Segment Start: TASK INPUTS

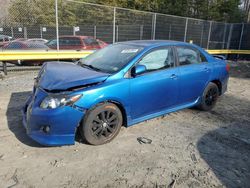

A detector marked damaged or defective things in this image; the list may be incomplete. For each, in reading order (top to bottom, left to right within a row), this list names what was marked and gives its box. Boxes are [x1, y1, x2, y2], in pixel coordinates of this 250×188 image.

dented hood [37, 61, 110, 91]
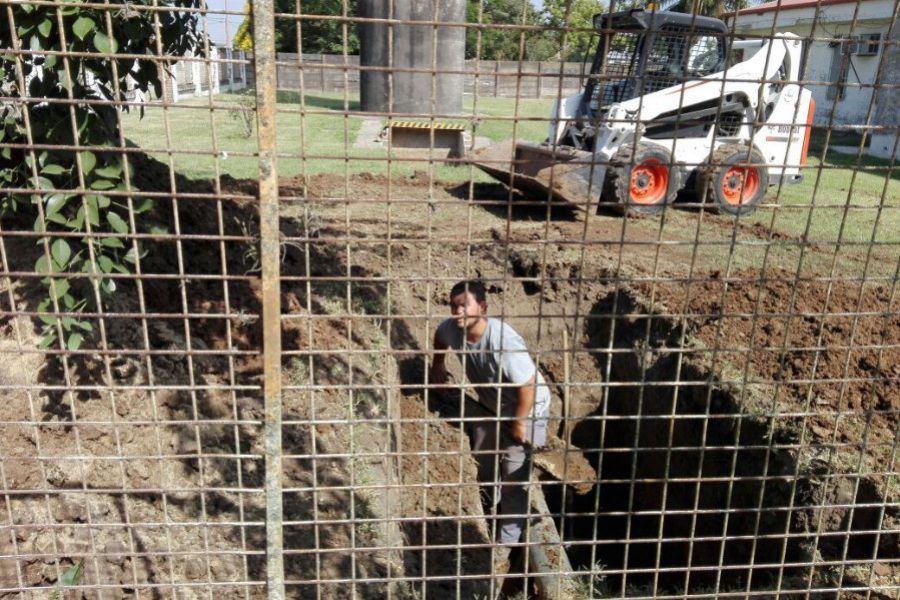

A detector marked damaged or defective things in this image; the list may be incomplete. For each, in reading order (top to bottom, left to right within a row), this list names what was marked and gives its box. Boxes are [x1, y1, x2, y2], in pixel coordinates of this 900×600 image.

metal post with rust [251, 1, 284, 600]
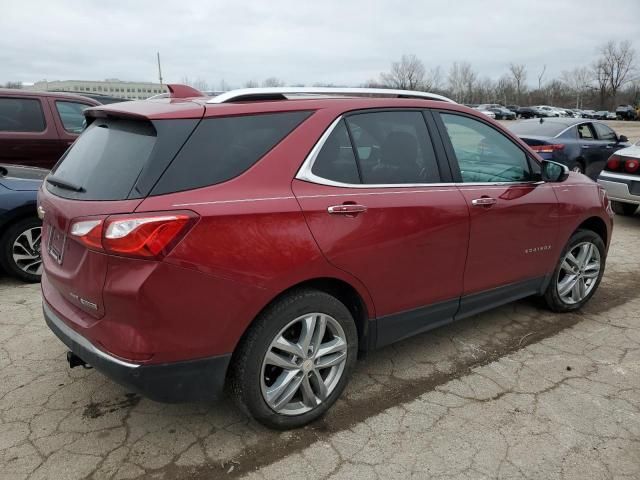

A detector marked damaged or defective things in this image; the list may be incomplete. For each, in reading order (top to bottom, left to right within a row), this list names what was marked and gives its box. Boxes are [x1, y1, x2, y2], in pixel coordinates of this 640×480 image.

cracked asphalt pavement [0, 215, 636, 480]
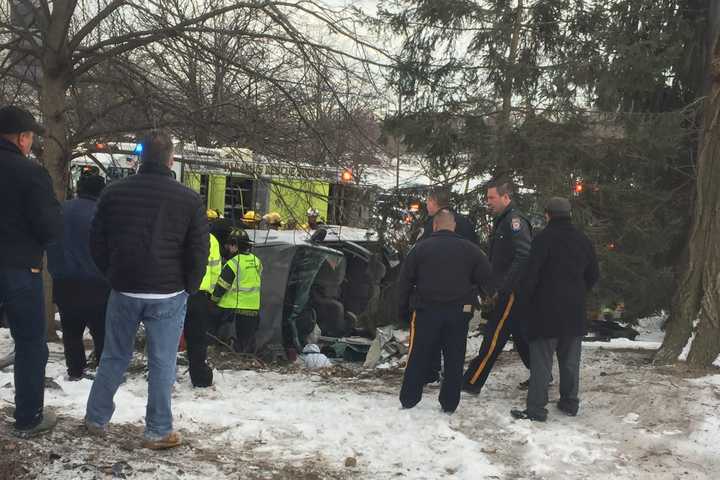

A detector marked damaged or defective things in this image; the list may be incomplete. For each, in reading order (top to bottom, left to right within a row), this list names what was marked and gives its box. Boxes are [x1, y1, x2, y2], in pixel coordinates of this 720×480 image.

overturned vehicle [242, 227, 400, 358]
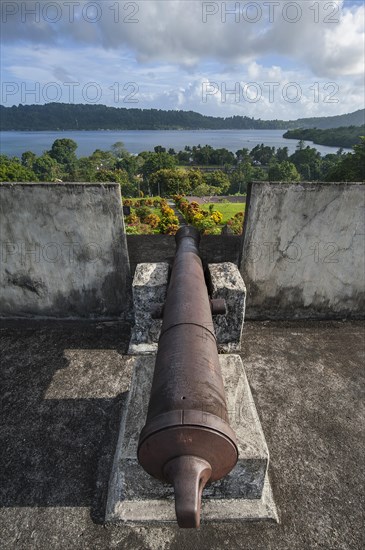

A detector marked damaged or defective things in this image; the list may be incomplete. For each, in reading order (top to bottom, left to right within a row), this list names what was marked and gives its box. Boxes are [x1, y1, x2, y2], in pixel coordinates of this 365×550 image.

rusty cannon barrel [138, 225, 237, 532]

Segment End: TASK INPUTS

- EXERCISE AIM
Your task is to copy the entries in full and exactly, without any images.

- RESPONSE FOR THIS EXERCISE
A detector marked damaged or defective things in this image; the list may be incomplete. For each, in reading order (top to bottom, left to right within a row), this list names what was marked and gives its box. Boxes are [x1, y1, x2, y2], in pixel coordinates of this 250×188 image.

dented hood [37, 61, 110, 91]

A detector marked damaged or defective things in this image; the list may be incomplete. For each, in reading order (top to bottom, left to right within a row), this list names what was marked and gives its box. Boxes are [x1, y1, x2, y2], in pixel coordinates of this 900×600 image.

metal post with rust [251, 1, 284, 600]

A detector marked damaged or defective things in this image; the list may be incomplete. For each, in reading order (top to bottom, left to right within a row), this list names what was marked and gives its box. Boxes are [x1, y1, x2, y2], in pixel coordinates of this 640×480 image.

cracked asphalt pavement [0, 215, 636, 480]

A detector marked damaged or defective things in this image; the list may be incomplete. For each, in reading order (top to bottom, left to right within a row), this list names what was marked and gives its box. Boxes are [x1, y1, x2, y2], in pixel coordinates of this 720×480 image.

overturned vehicle [242, 227, 400, 358]

A detector marked damaged or defective things in this image; the list may be incomplete. For each, in reading order (top to bottom, left to right within a row), this list names what was marked and gives its box. Boxes are [x1, y1, x2, y2], in pixel coordinates of this 365×550 image.

rusty cannon barrel [138, 225, 237, 532]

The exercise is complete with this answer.